Part of the problem for the investors who will need to make this shift is that it is not yet clear precisely which technologies should be the recipient of this investment. Innovation in new energy technologies, and corresponding changes in business models and consumer behaviour, are proceeding at a bewildering rate; however most projections indicate that current (financial) commitments fall short in achieving a 2° world. Trying to understand such innovation, and where it may lead, is at the heart of the INNOPATHS project, which was presented to a full house in Brussels on June 22 as part of Sustainable Energy Week.
An early output from INNOPATHS, the construction of which is being led by Aalto University in Finland, is a Technology Assessment Matrix, the purpose of which is to provide online insights into how technologies are developing, what their potential might be in terms of cost and scale of deployment, and how they might fit into the low-carbon energy system of the future.
Stimulating investment on the scale required to come anywhere near the 1.5-2oC temperature target of the 2015 Paris Agreement will require, in addition to technologies that offer large-scale energy efficiency savings or low-carbon energy supply, measures that will address institutional, regulatory, informational and business constraints on investment, as well as a supportive policy environment to pull through low-carbon investment that do not yet meet normal criteria of risk-adjusted rate of return.
These are among the topics addressed by the finance workstream of the INNOPATHS project, led by Utrecht University in the Netherlands, ETH in Switzerland and The Potsdam Institute for Climate Research in Germany, the first workshop of which will be held in Utrecht in September.
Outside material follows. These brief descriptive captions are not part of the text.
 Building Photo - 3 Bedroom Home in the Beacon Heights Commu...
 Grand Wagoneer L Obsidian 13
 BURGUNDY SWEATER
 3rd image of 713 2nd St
Here, experts from the financial sector will meet and discuss the challenges ahead with energy company representatives and policy makers. These topics were also the subject of the recent meeting of the European Commission’s High-Level Panel of the European Decarbonisation Pathways Initiative, which will be producing a report in 2018 on research needs in Europe to ensure that the European Union can make the most of the many economic and other opportunities offered by deep decarbonisation of the energy system.
Another initiative that brought the financial sector into full focus was the workshop at UCL on July 5th, organised by the European Horizon 2020 Green-Win project, entitled ‘The Risk Transition: shifting investment to a low carbon economy’. The Keynote Speaker was Russell Picot, Special Adviser to the Financial Stability Board’s Climate-related Financial Disclosures Task Force, the final report and recommendations from which were published on June 29. Its areas of core recommendations were governance, strategy, risk management and metrics and targets. While the suggested measures were intended to be voluntary at present, it is clearly possible that they will become mandatory as experience with how best to disclose climate risk is acquired and the need for the great energy transition investment becomes appreciated as increasingly urgent.
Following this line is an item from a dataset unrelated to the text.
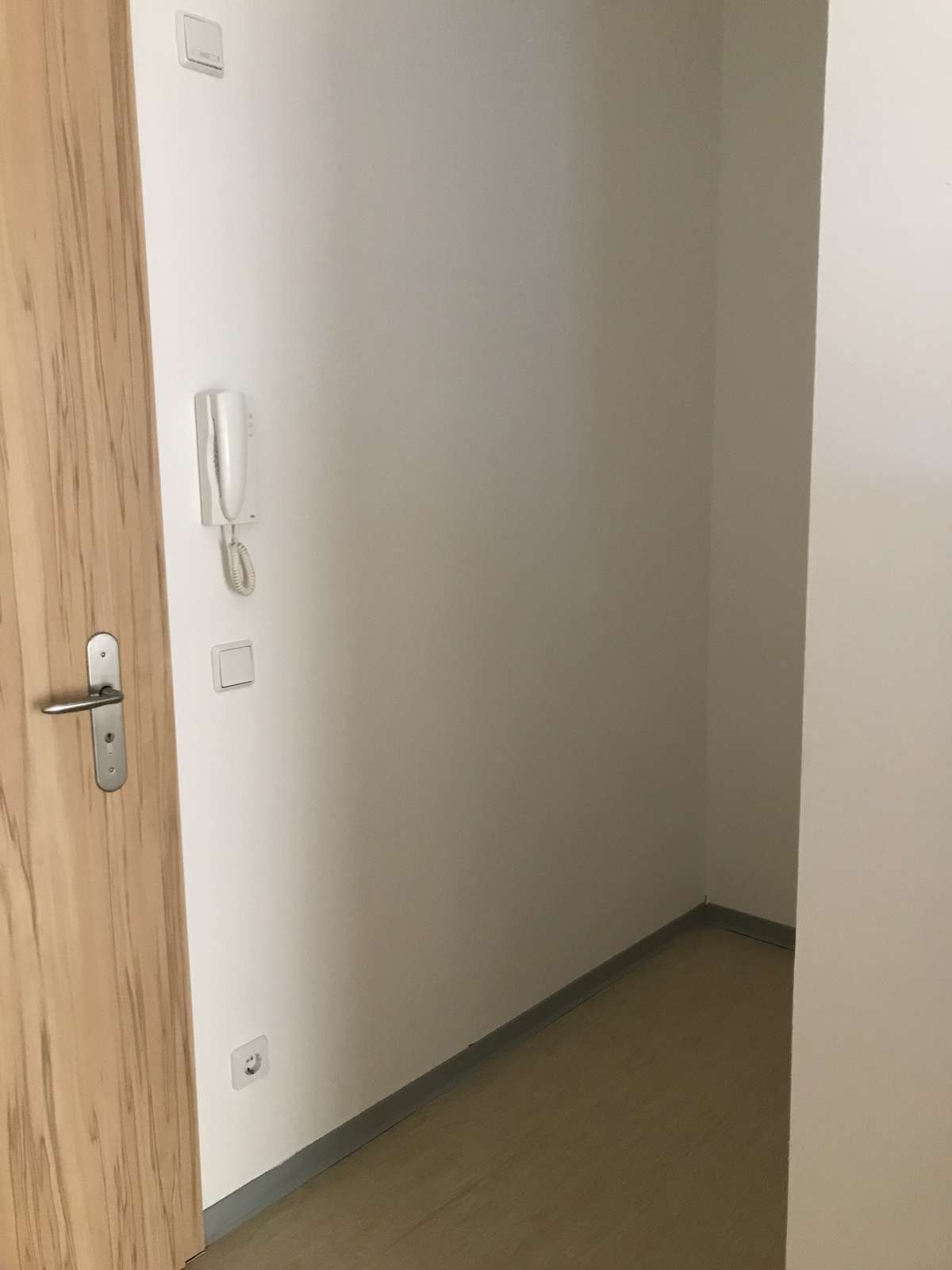 Nische neben Eingangstür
INNOPATHS finance workstream colleagues also contribute to the New Pathways for Sustainable Finance process, led by the Brussels-based institution Finance Watch, the Global Alliance for Banking on Values, and Mission 2020, which over the next few will explore a financial market design conducive to a low-carbon transition and specific actionable areas to be addressed by 2020.
Such projects, initiatives, events and publications at least mean that the various parts of the elephant of transition finance for a low-carbon future are being recognised put together, so that the shape of the whole challenge ahead is becoming apparent. What is now required is determined action on the various insights that are being generated being the temperature targets of the Paris Agreement slip quite out of reach.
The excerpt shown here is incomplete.